[TASK OBJECTIVE]: Using the records below, write out only the lines from the line containing "ФСБ пресекла деятельность" up to and including the line containing "Vareador de aceitunas", exactly, with no pictures.

Short web captions:

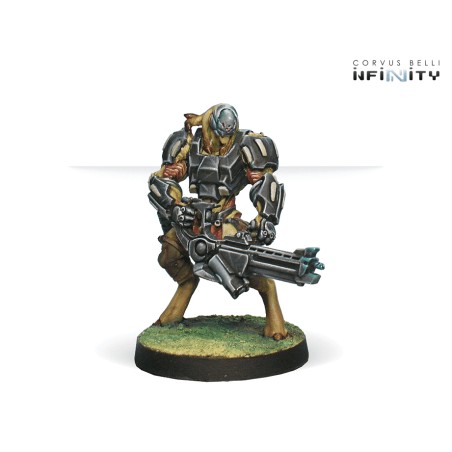 Tohaa: Chaksa Auxiliars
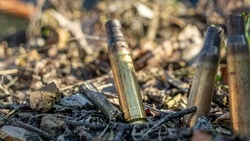 ФСБ пресекла деятельность украинских диверсантов в Брянской области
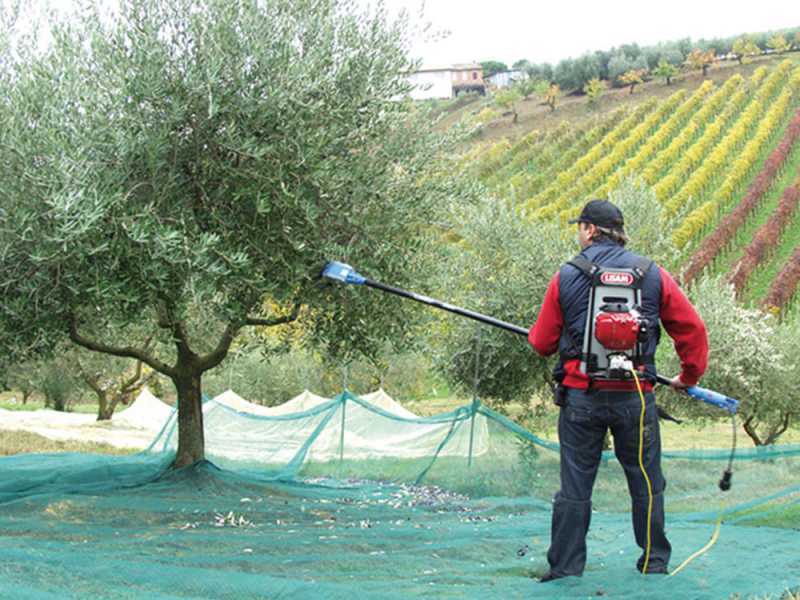 Vareador de aceitunas el&eacute;ctrico a bater&iacute;a Lisam Oliwatt 2 - Con dientes en nailon - P&eacute;rtiga telesc&oacute;pica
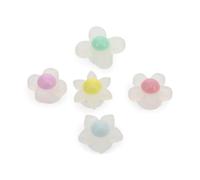 Crocs Iridescent Flowers 5 Pack, Breloques de Chaussure Mixte, Multicolore, Taille Unique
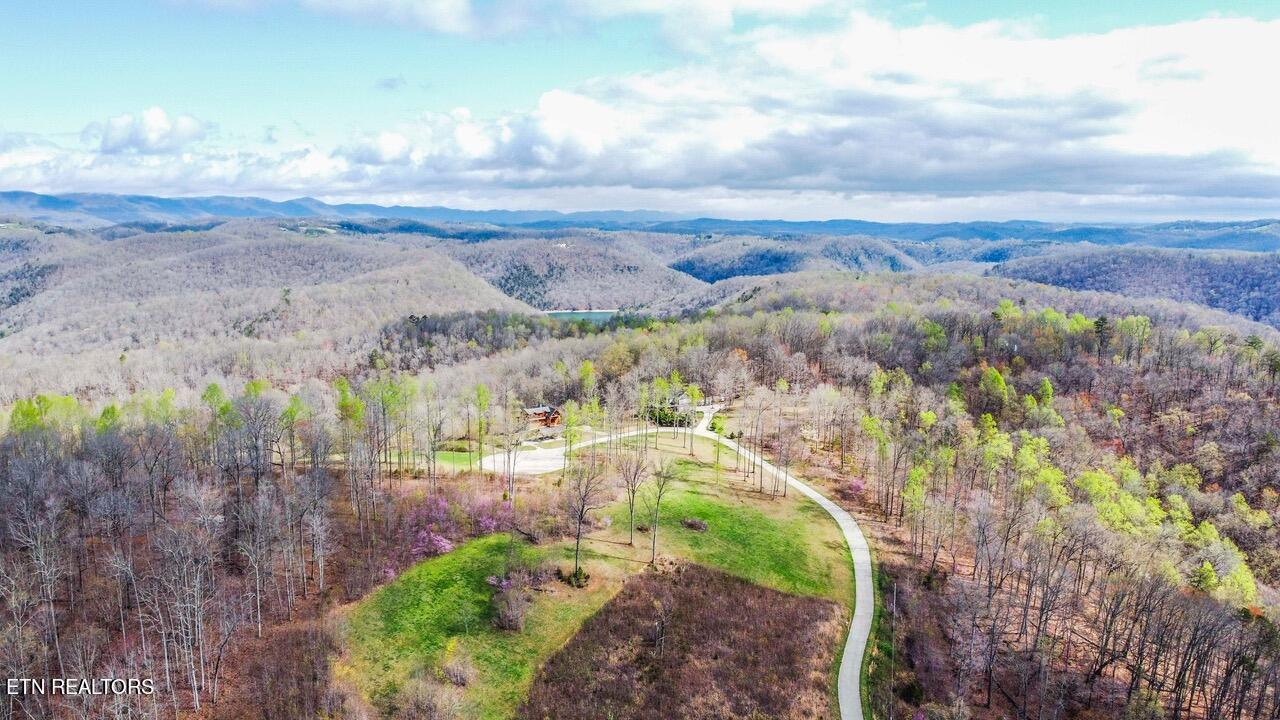 Norris Lake Real Estate - Image# 7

[RESULT]:
 ФСБ пресекла деятельность украинских диверсантов в Брянской области
 Vareador de aceitunas el&eacute;ctrico a bater&iacute;a Lisam Oliwatt 2 - Con dientes en nailon - P&eacute;rtiga telesc&oacute;pica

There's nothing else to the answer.